I literally wrote a friends psychology paper when I had no idea of the subject and they got a HD for it.

All I did was follow the process you outlined.

My mother used to do it as a service for foreign language students. They would record their lectures, and she would write their papers for them.

munksbeer 6 days ago

Confession. I became disillusioned with a teacher of a subject in school, who I was certain had taken a disliking to me.

I tested it by getting hold of a paper which had received an A from another school on the same subject, copying it verbatim and submitting it for my assignment. I received a low grade.

Despite confirming what I suspected, it somehow still wasn't a good feeling.

protocolture 5 days ago

I attended a catholic high school for several years, and I noticed a pattern. If I submitted an assignment to certain teachers and the subject related to a non catholic religion, I would get a pass, at the lowest score possible, regardless of the quality of the content.

So I just kept submitting assignments on the wrong religions. Write up about a saint? Pick a russian orthodox saint. Write up on marriage customs? Use islam. That way I could never fail.

TrackerFF 6 days ago

To be honest, that's a problem on your part. It is completely possible to write a paper on anything, using the scientific method as your framework.

But the problem is that in many cases, the degrees (like MBA, which I too hold) are merely formalities to move up the corporate ladder, or pivot to something else. You don't get rewarded extra for actually doing science. And, yes, I've done the exact same thing you did, multiple times, in multiple different classes. Because I knew that if what I did just looked and sounded proper enough, I'd get my grade.
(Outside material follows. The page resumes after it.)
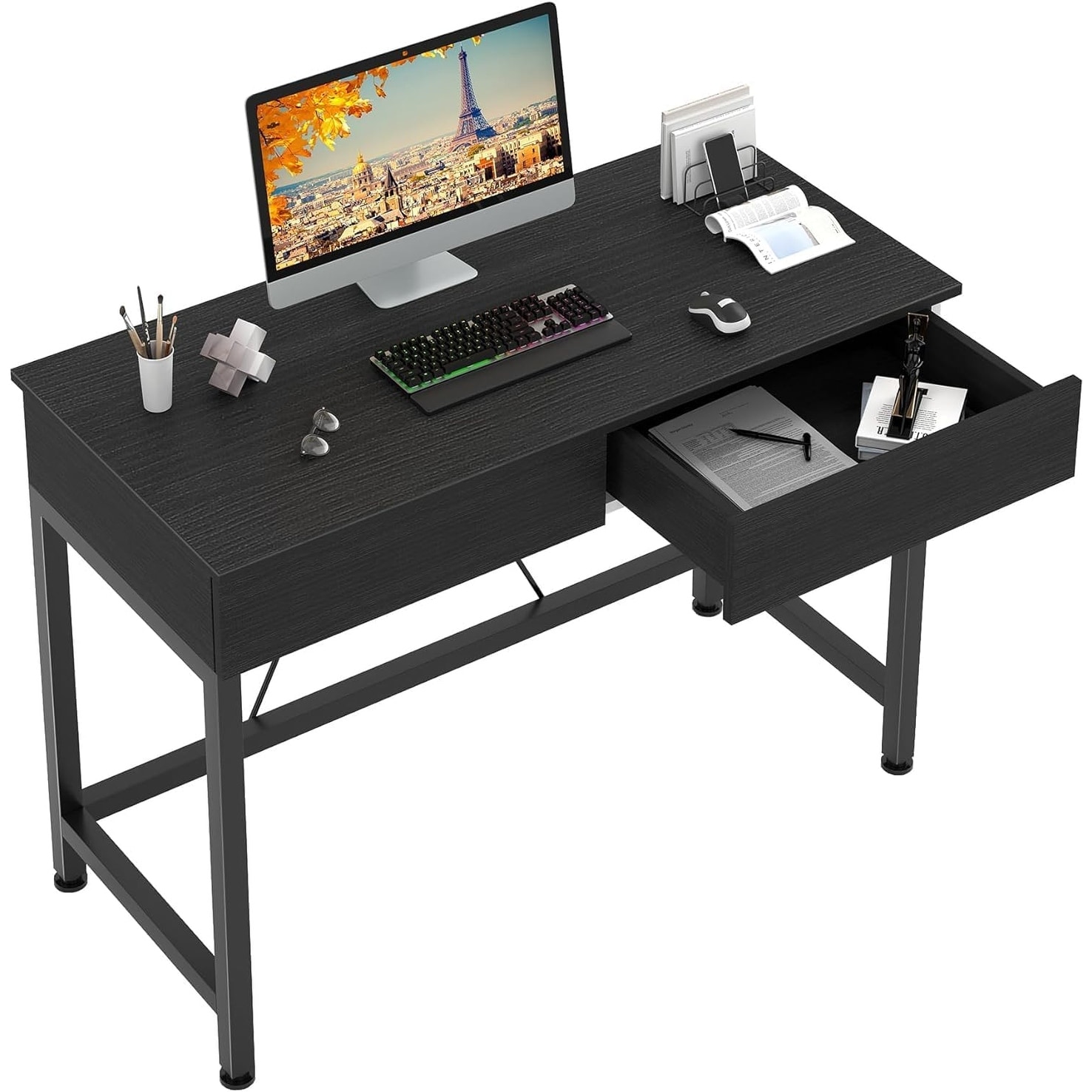 Compact 39.4 Inch Wooden Computer Desk with Storage Drawers, Ideal for Small Spaces, Home Office, Study, or Bedroom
To be fair, one of the first things I noticed when entering the "professional" workforce, was that the methodology was the same: Find proof / data that supports your assumptions. And if you can't find any, find something close enough and just interpret / present it in a way that supports your assumptions.

No need for any fancy hypothesis testing, or having to conclude that your assumptions were wrong. Like it is not your opinion or assumption anyway, and you don't get rewarded for telling your boss or clients that they're wrong.

marcus_holmes 5 days ago

Is there even such a thing as the "science of business"? One can form a hypothesis, and then conduct an experiment, but the experimental landscape is so messy that eliminating all other considerations is impossibly hard.

For example, there's a popular theory that the single major factor in startup success is timing - that the market is "ready" for ideas at specific times, and getting that timing right is the key factor in success. But it's impossible to predict when the market timing is right, you only find out in retrospect. How would you ever test this theory? There are so many other factors, half of which are outside the control of the experimenter, that you would have to conduct the experiment hundreds of time (effectively starting and failing at hundreds of startups) to exclude the confounding factors.

intended 6 days ago

I’m sorry for that.

May I ask a different question, why didn’t, or what stoped, you from engaging with the material itself ?

marcus_holmes 5 days ago

To be honest, I found "the material" irrelevant, mostly. There's vast swathes of papers written about obscure and tiny parts of the overall subject. Any given paper is probably correct, but covering such a tiny part of the subject that spending the time reading all of them is inefficient (if not impossible).

Also, given that the subject in question is "business", and the practice of business was being changed (as it is again now) by the application of new technology, so a lot of what I was reading was only borderline applicable any more.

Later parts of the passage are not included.